Task:
Transcribe only the part of the material below that begins at the line containing "light and soft ♪" and ends at the line containing "۴ نشانه که می‌گویند", with both kept and images left out.

Supplied information:

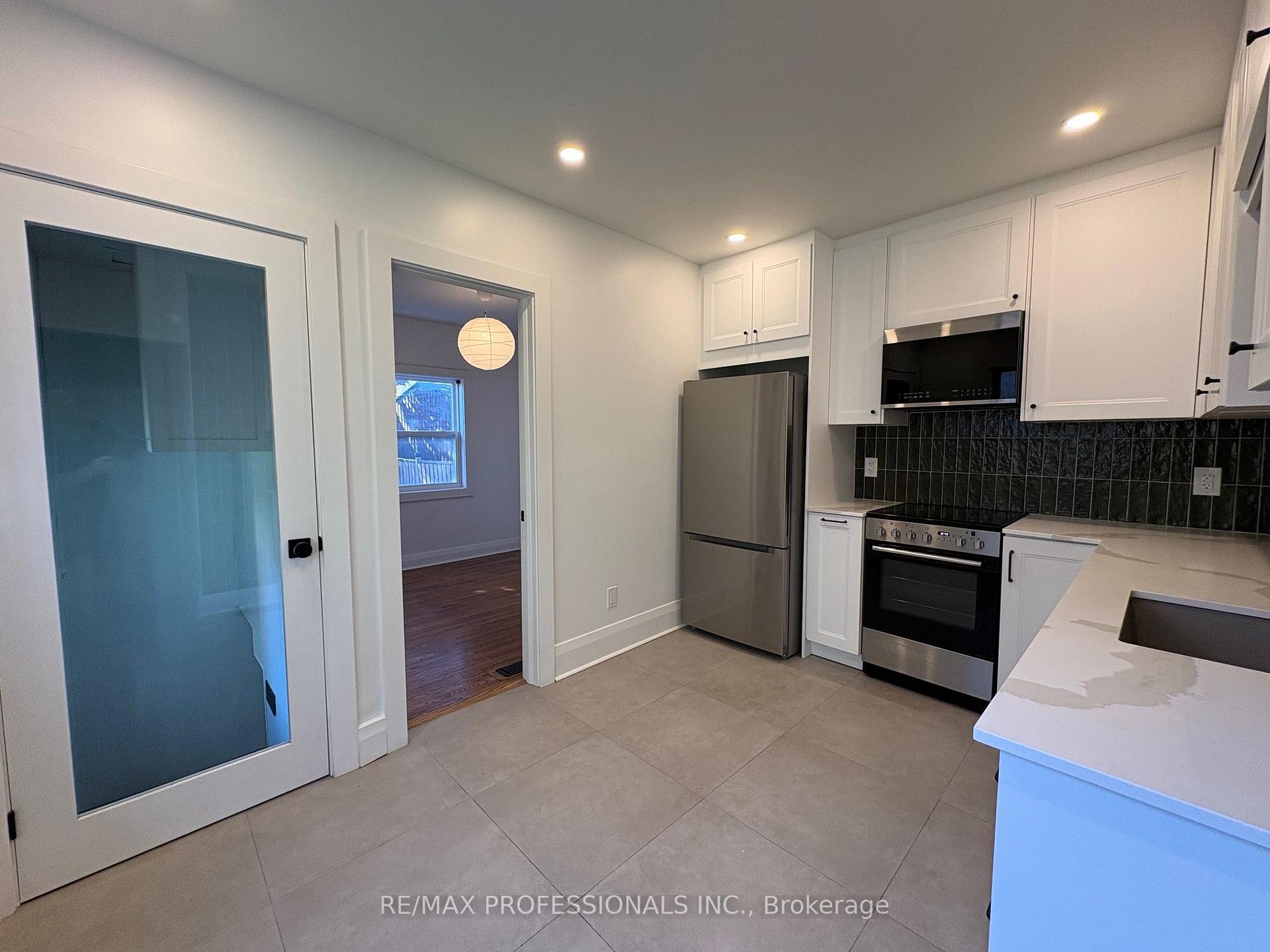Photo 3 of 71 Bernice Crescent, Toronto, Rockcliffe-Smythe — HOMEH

==

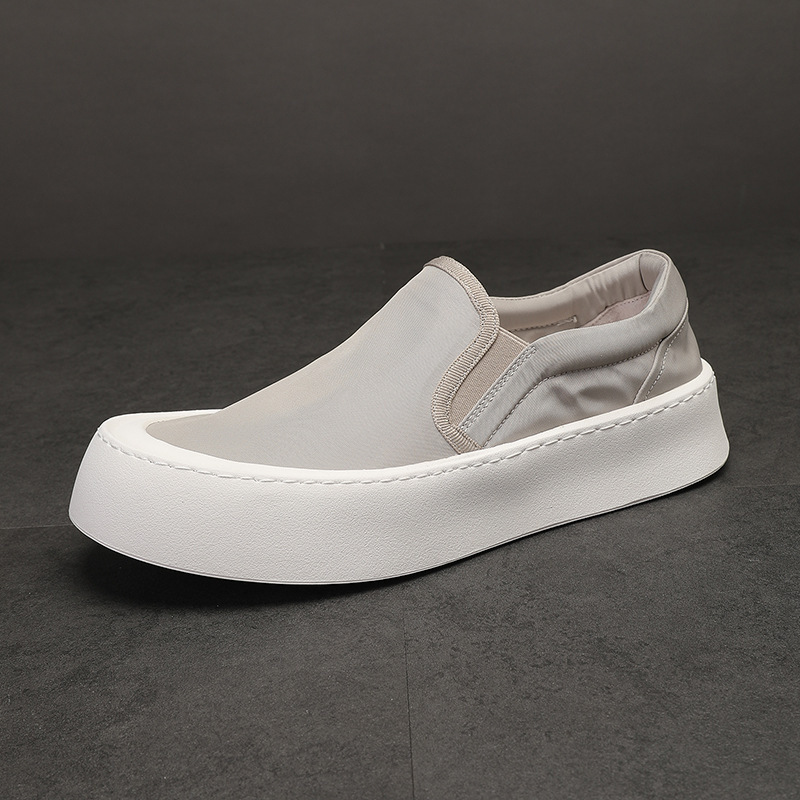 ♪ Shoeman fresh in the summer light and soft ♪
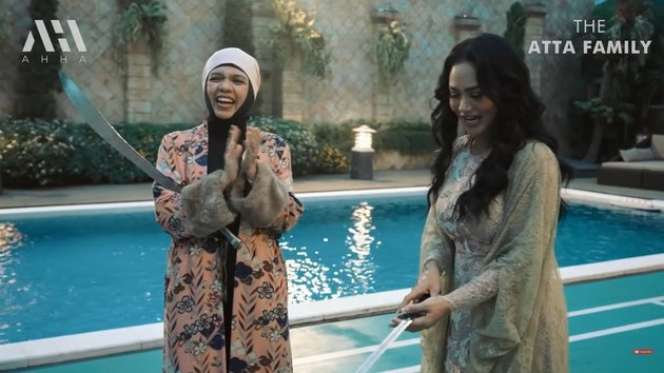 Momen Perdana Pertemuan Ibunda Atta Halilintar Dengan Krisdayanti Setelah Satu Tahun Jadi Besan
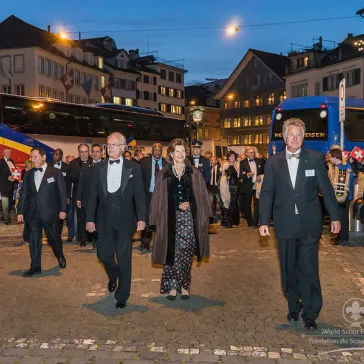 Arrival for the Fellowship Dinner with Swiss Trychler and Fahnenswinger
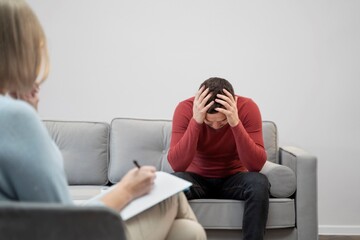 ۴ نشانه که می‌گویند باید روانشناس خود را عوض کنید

Your solution:
 ♪ Shoeman fresh in the summer light and soft ♪
 Momen Perdana Pertemuan Ibunda Atta Halilintar Dengan Krisdayanti Setelah Satu Tahun Jadi Besan
 Arrival for the Fellowship Dinner with Swiss Trychler and Fahnenswinger
 ۴ نشانه که می‌گویند باید روانشناس خود را عوض کنید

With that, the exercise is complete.